Wakil Ketua Umum Majelis Ulama Indonesia (MUI), Anwar Abbas, mengungkapkan keberatannya terhadap kebijakan pemerintah yang akan menaikkan Pajak Pertambahan Nilai (PPN) menjadi 12 persen pada 2025. Meskipun kenaikan ini memiliki dasar hukum yang tercantum dalam Undang-Undang Nomor 7 Tahun 2021 tentang Harmonisasi Peraturan Perpajakan (HPP), Anwar mempertanyakan apakah kebijakan ini sejalan dengan amanat konstitusi.

Anwar mengemukakan, “Pertanyaannya, apakah tuntutan yang diatur dalam UU tersebut sudah sesuai dengan amanat konstitusi?” Dia juga mengkritisi kebijakan tersebut dari perspektif sosial ekonomi. “Apakah ketentuan tersebut sudah tepat untuk diterapkan dalam kondisi sosial ekonomi saat ini? Inilah yang menjadi masalah dan kontroversinya,” ujarnya dalam keterangannya pada Kamis, 26 Desember 2024.

Waketum MUI itu menilai bahwa pemerintah terkesan bersikeras menaikkan PPN pada Januari 2025 dengan alasan sesuai dengan ketentuan dalam UU HPP. Pemerintah juga beralasan membutuhkan pembiayaan besar untuk program-program yang memerlukan anggaran besar.
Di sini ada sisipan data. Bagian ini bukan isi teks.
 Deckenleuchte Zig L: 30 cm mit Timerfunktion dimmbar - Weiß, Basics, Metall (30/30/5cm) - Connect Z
Namun, Anwar menyoroti dampak negatif kebijakan tersebut, terutama bagi masyarakat dan dunia usaha. Kenaikan PPN, menurutnya, akan mendorong harga barang dan jasa naik, yang pada gilirannya akan menurunkan daya beli masyarakat. “Jika daya beli masyarakat menurun, maka keuntungan pengusaha serta kesejahteraan masyarakat juga akan terpengaruh,” katanya.

Anwar mengingatkan bahwa hal ini bertentangan dengan amanat konstitusi, yang mengharapkan kebijakan pemerintah untuk mendatangkan kemakmuran bagi rakyat. Oleh karena itu, ia menyarankan agar pemerintah menunda penerapan kenaikan PPN hingga kondisi ekonomi dan dunia usaha lebih mendukung. “Jika pemerintah tetap memaksakan kebijakan ini mulai 1 Januari 2025, maka hal tersebut menjadi tanda tanya besar,” tegasnya.

Muzani: Prabowo Dengar dan Pertimbangkan Saran Terkait PPN 12%

Sekretaris Jenderal Partai Gerindra, Ahmad Muzani, mengungkapkan bahwa Presiden Prabowo Subianto telah menerima dan mencermati semua masukan yang terkait dengan rencana kenaikan Pajak Pertambahan Nilai (PPN) menjadi 12%. Muzani menjelaskan bahwa Prabowo sangat memperhatikan kritik dan saran yang berkembang di masyarakat terkait kebijakan ini.

“Protes dan penolakan merupakan bagian dari proses demokrasi yang wajar. Semua pandangan, kritik, dan saran yang berkembang kami terima sebagai catatan penting sebelum Presiden membuat keputusan akhir,” ujar Muzani di kompleks parlemen, Senayan, Jakarta Pusat, pada Senin (23/12/2024).

Muzani menambahkan bahwa Prabowo memahami sepenuhnya keberatan-keberatan yang ada. Menurutnya, keputusan terkait hal ini akan diumumkan oleh Presiden pada waktu yang tepat. “Pak Prabowo memahami semua keberatan tersebut, dan nanti pada waktunya beliau akan mengumumkan keputusan yang akan diambil, termasuk apa saja yang perlu dipertimbangkan dalam kenaikan PPN,” lanjutnya.

Ia juga menjelaskan bahwa kenaikan PPN menjadi 12% merupakan amanat dari Undang-Undang Harmonisasi Peraturan Perpajakan (HPP) 2021 yang mengatur kenaikan ini mulai Januari 2025. Muzani menegaskan bahwa pemerintah akan mempelajari dengan cermat berbagai masukan yang ada.

“Undang-undang ini mengharuskan kenaikan PPN menjadi 12% pada Januari 2025. Namun, pemerintah akan mempelajari dengan saksama berbagai pandangan yang muncul di masyarakat, termasuk masukan dari Pak Prabowo. Semua pandangan ini akan menjadi bahan pertimbangan Presiden dalam mengambil keputusan,” tambah Muzani.